Die Angeklagte hatte das als Hinweis auf eine schlechte Gesamtverfassung des Seniors dargestellt. Dieses Bild demontierte nun ihr Mann: "Wenn jemand mal nicht auf ein Wort kommt, ist das nicht gleich ein Gedächtnisausfall. Mein Vater hatte das schon mal. Auch Sekundenschlaf war nichts Ungewöhnliches." Sein Eindruck aus den Schilderungen seiner Frau, als sie nach Hause kam, sei gewesen: "Ich habe keine Dringlichkeit wahrgenommen. Es fügte sich in meine Wahrnehmung meines Vaters aus den vorigen Wochen."

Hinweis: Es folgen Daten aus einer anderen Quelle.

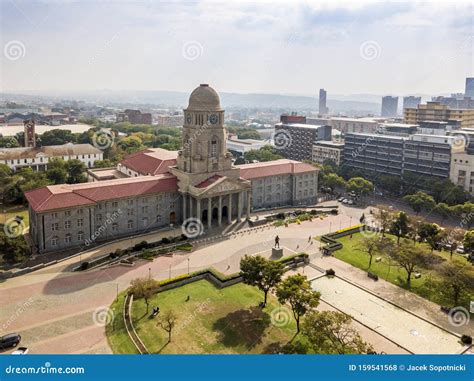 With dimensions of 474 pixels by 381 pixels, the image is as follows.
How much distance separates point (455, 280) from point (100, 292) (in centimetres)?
3819

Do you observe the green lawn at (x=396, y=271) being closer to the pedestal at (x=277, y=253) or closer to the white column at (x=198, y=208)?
the pedestal at (x=277, y=253)

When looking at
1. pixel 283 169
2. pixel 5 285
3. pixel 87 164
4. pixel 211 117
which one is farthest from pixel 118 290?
pixel 87 164

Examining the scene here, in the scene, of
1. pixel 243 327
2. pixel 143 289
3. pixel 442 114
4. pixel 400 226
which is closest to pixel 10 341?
pixel 143 289

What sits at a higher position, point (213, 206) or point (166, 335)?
point (213, 206)

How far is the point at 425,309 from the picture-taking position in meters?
44.1

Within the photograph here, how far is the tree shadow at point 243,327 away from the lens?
120 feet

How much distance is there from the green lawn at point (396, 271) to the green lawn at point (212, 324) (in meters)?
16.6

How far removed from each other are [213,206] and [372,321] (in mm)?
34082

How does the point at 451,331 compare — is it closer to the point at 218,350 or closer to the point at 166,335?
the point at 218,350

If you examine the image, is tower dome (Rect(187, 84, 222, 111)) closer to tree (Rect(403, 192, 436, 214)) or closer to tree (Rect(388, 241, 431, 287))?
tree (Rect(388, 241, 431, 287))

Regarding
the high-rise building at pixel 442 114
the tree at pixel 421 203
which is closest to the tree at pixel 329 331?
the tree at pixel 421 203

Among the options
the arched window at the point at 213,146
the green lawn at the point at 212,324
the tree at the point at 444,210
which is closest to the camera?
the green lawn at the point at 212,324

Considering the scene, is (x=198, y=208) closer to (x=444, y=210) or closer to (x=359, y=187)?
(x=359, y=187)

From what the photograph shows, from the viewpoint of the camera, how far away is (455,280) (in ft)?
141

Prozess in Köln: Menge an Insulin-Bestand war unkontrolliert

Detailliert befragte der Vorsitzende Richter den Arzt zur Diabeteserkrankung seiner Frau und deren Medikamentierung mit Insulin. Hier verstrickte sich der Zeuge in Aussagen, bei denen die Gesichtszüge seiner Frau mehr und mehr gefroren. Auch ihr Verteidiger sah zunehmend unzufrieden aus. Der Arzt bestätigte, seiner Frau Anfang Mai Insulin verschrieben zu haben, am 2. Juli außerdem eine dreifache Menge.

Die hohe Dosis sei wohl mit Blick auf den geplanten Urlaub zu erklären. Sicher sei er aber nicht: "Ob ich das überhaupt so verordnet habe? Es passieren auch Fehler." Was er außerdem nicht ausschließen könne: "Vielleicht gab es noch einen Altbestand. Ich habe die Bestände zu Hause nicht geprüft." Seine Frau sei zeitweise nämlich auch nicht insulinpflichtig gewesen.

Die Aussage der Angeklagten, sie habe Insulin absichtlich immer dann genommen, wenn ihr Mann im Haus war, bestätigte dieser nicht: "Ich habe darauf nicht geachtet. Die meisten Diabetiker legen keinen Wert darauf, als Kranke wahrgenommen zu werden, und meine Frau ganz sicher nicht." Diese Äußerung quittierte die Angeklagte mit hektischem Flüstern in Richtung ihres Anwaltes.

Kurze Zeit später legte sie gequält die Hände an die Schläfen und zog die Augen zu Schlitzen. Da hatte ihr Ehemann gerade Bezug genommen auf die Frage des Richters, ob man von veraltetem Insulin gesprochen habe. Etwas derartiges habe die Angeklagte gesagt. "Über veraltetes Insulin haben wir nicht gesprochen", erklärte der Arzt: "Warum sollte es veraltet sein? Das ist doch völlig aktuell, das gängigste Insulin überhaupt!"

Über die gemeinsame Tochter berichtete er schließlich: "Irgendwann musste ich ihr ja sagen, dass die Mama im Gefängnis ist." Ohne weiteren Kontext habe die Kleine darauf geantwortet: "Aber wir waren doch nur da und haben Muffins gegessen."